I'm looking over to see how Joannie's taking all this talk. Doesn't seem to interest her much. She doesn't let on that she's even heard.

I had told Jemimah what I wanted in the way of this new diving outfit. Make the bottom snug, Jemimah, with only two- or three-inch legs that I can roll up tight, and don't make it come up too high—just below my belly button. Don't want one loose bit of cloth, nothing for those monsters down there to latch on to. And make me a small top, just big enough to cover my chest. Then sew on some thin shoulder straps to hold it up and put buttons in back to keep it snug. She had nodded and allowed that she could do that, though it did not seem to her to be at all respectable.

"Can you make one for me, too, Auntie?" Joannie asks of Jemimah. Ever since Joannie got the swimming lesson, we've had a hard time keeping her out of the water.

"Huh! Suppose I can. Gettin' tired of dryin' out your clothes over my stove. All right, girl, you done," she says, and I step down. "Little girl, you get up here now."

Joannie sheds her clothes and hops up on the chair. I look her over.

Hmmm...

Nothing yet, but I know it won't be long.

Jemimah runs her tape over her thin form and makes more marks on the light canvas cloth.

As I climb back into my own regular underway rig, I ask, watching her face, "Joannie, where have you been sleepin' at night?"

She flushes, looks down, then says, "With Danny. Me and him took one of those little rooms down there. Hope you don't mind, Jacky." She gives me the big eyes.

We'll see what I mind, Joannie Nichols, and don't try to pull that look on me 'cause I know all about that.

There are six tiny staterooms on the mess deck, three on either side of the long table. Higgins has one, and so does Dr. Sebastian, and Professor Tilly will have one when he comes aboard. Jim Tanner could have one, too, but he perfers to sling his hammock with the rest of the men in the fo'c's'le, where it's cooler. Or out on deck now that it's getting really warm. Jemimah's is one of the rooms, too. The one closest to her galley.

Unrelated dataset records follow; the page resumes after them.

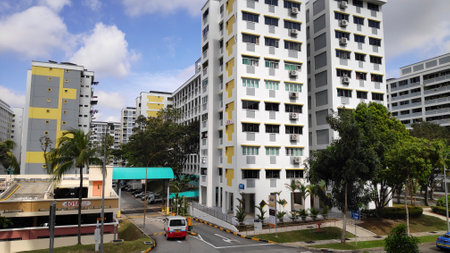 Singapore, 31 Mar, 2020: Typical View of Singapore residential building also known as HDB in the afternoon.のeditorial素材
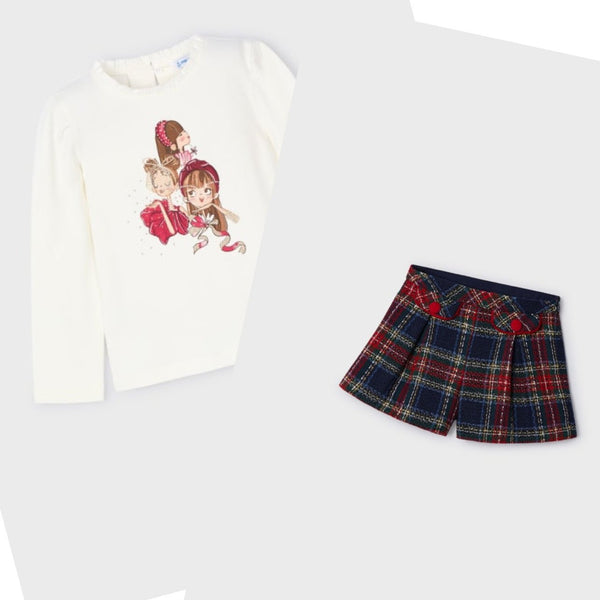 Mayoral Girls Set With Checked Shorts & Long Sleeve Top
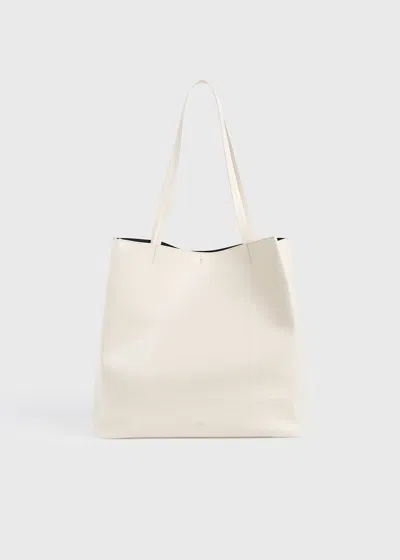Totême Roam Leather Tote Stone In Gray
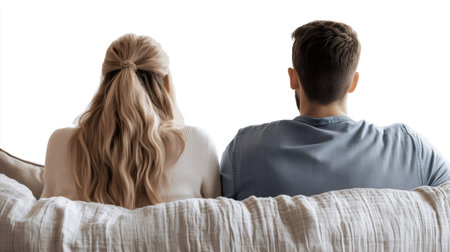 Man and woman sitting on sofa watching television, seen from behindの素材
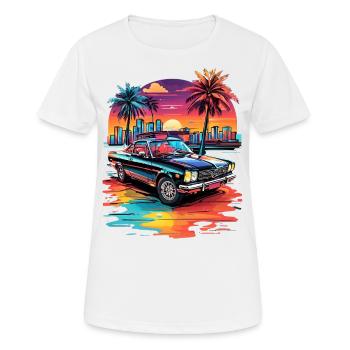 Retro Car Cruiser bei Sonnenuntergang - Frauen T-Shirt atmungsaktiv - Weiß - Vorne - AI Model Female 172 dark (172cm)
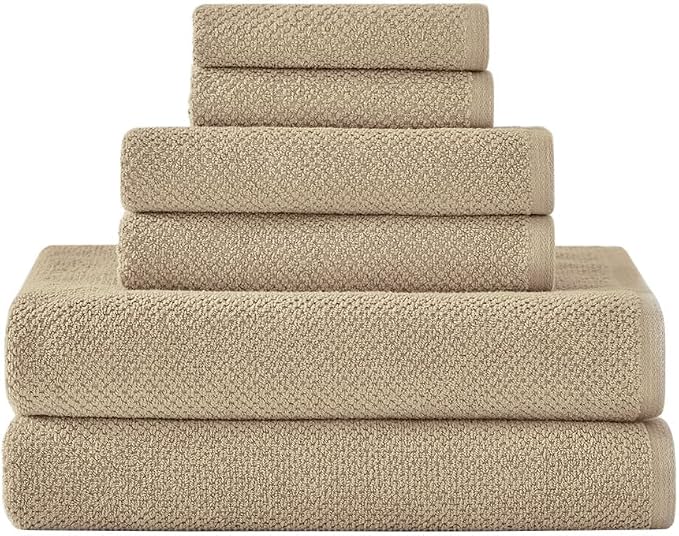 Organic Cotton Textured Towels - Light Taupe - 2 Bath Towels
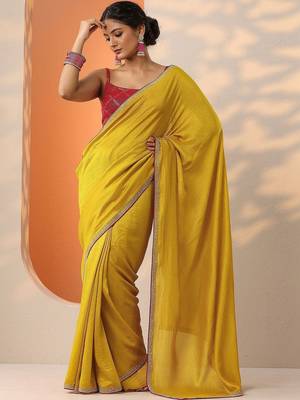 yellow solid saree with unstitched blouse piece 2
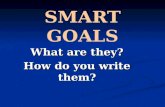 SMART GOALS What are they? How do you write them?.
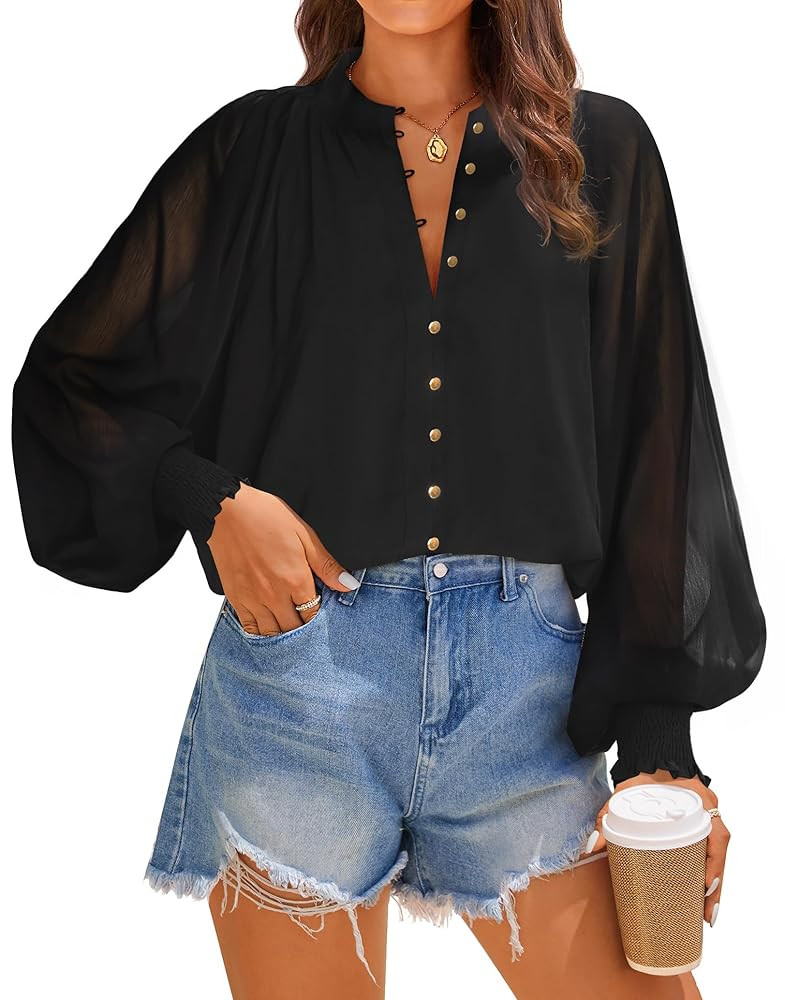 ZESICA Women's Floral Print Blouse 2025 Long Sleeve Button Down Casual Fall Boho Oversized Tops S... | Amazon (US)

So the two little rascals are all snugged up. Didn't waste much time.

Hmmmm...

Chapter 20

I gaze over at the island and try to put myself in the place of that Spanish lieutenant who stood on the deck of his sinking ship and tried to mark the spot where she was going down. I picture him as young, idealistic, trying to do his duty to his ship and to his men as best he could. I think on the words he later wrote:

I looked across the face of our compass to the end of the Key of Bones and saw that it bore away at about 010 degrees...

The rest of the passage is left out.